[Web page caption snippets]
* * * * *

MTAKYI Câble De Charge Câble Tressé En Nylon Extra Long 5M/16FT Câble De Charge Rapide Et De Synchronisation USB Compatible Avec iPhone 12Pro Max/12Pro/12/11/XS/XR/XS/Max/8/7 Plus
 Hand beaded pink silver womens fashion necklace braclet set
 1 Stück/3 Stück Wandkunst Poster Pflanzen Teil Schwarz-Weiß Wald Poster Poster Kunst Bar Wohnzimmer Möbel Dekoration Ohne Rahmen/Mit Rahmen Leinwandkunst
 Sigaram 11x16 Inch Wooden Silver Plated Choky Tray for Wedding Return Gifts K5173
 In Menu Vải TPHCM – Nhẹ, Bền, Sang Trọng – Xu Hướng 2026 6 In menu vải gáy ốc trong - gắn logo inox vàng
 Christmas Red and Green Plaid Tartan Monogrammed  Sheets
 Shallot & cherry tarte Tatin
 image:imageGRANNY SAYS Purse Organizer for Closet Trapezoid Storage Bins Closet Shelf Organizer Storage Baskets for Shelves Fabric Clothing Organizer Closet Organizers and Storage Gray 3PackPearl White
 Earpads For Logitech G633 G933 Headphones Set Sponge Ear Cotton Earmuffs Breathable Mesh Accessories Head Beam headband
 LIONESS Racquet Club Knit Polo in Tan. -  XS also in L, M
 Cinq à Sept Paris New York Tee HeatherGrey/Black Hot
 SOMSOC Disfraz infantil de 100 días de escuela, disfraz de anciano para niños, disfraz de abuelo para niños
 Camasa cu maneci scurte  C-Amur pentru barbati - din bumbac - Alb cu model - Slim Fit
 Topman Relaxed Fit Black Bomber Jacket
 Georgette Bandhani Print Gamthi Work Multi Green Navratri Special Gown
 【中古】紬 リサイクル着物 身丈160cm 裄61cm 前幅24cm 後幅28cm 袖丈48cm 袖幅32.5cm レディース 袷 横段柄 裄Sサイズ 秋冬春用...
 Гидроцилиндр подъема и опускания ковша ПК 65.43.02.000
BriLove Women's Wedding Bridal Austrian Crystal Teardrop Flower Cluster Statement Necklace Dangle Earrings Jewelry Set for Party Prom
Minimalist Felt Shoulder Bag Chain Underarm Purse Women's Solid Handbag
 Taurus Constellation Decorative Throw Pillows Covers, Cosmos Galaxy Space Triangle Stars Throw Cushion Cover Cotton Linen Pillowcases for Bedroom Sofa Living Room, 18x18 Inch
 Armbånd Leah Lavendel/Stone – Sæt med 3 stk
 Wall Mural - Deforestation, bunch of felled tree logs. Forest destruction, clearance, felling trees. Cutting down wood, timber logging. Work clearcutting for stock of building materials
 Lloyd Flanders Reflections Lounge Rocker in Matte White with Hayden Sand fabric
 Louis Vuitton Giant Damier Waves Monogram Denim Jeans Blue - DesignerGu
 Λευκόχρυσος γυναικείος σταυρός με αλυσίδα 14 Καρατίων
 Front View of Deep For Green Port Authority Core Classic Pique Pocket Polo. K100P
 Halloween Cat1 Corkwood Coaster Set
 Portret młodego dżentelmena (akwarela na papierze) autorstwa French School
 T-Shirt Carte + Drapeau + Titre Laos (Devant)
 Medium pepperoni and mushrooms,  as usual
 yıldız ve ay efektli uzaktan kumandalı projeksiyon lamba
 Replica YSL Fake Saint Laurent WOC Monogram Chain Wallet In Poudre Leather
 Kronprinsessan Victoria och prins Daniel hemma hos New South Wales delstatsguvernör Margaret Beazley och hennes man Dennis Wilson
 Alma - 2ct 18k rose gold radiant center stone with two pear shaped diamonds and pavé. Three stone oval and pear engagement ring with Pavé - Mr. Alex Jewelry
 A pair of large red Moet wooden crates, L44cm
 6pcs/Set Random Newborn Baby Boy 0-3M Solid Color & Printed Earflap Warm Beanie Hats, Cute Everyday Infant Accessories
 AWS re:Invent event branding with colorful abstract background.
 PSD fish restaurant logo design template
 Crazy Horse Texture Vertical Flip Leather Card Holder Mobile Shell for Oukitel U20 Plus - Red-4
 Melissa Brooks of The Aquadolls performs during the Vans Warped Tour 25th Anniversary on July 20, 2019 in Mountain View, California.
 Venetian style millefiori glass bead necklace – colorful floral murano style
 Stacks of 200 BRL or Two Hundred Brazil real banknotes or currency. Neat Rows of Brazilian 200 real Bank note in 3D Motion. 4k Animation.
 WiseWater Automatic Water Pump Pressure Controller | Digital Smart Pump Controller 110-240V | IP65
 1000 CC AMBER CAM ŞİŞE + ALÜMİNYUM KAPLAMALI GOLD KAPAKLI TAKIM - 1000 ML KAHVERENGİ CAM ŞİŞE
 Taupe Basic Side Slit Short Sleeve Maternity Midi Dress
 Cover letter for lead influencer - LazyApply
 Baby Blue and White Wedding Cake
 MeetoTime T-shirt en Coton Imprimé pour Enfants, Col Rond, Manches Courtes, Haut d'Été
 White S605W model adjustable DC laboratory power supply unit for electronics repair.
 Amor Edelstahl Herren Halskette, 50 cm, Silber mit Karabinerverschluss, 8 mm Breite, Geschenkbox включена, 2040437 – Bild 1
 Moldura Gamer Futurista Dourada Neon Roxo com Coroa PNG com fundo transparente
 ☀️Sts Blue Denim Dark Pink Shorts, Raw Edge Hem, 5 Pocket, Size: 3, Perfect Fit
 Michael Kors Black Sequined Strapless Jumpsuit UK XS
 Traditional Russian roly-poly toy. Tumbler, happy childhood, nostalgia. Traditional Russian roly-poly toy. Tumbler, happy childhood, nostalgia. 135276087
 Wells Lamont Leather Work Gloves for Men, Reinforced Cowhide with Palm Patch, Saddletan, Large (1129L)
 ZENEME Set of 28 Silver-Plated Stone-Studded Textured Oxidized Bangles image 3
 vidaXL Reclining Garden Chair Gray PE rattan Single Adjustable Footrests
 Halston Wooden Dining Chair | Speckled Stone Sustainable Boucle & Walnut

* * * * *

# Task to carry out
Scan the data for the word "logo" and copy every line where it shows up.

# Exercise result
 In Menu Vải TPHCM – Nhẹ, Bền, Sang Trọng – Xu Hướng 2026 6 In menu vải gáy ốc trong - gắn logo inox vàng
 PSD fish restaurant logo design template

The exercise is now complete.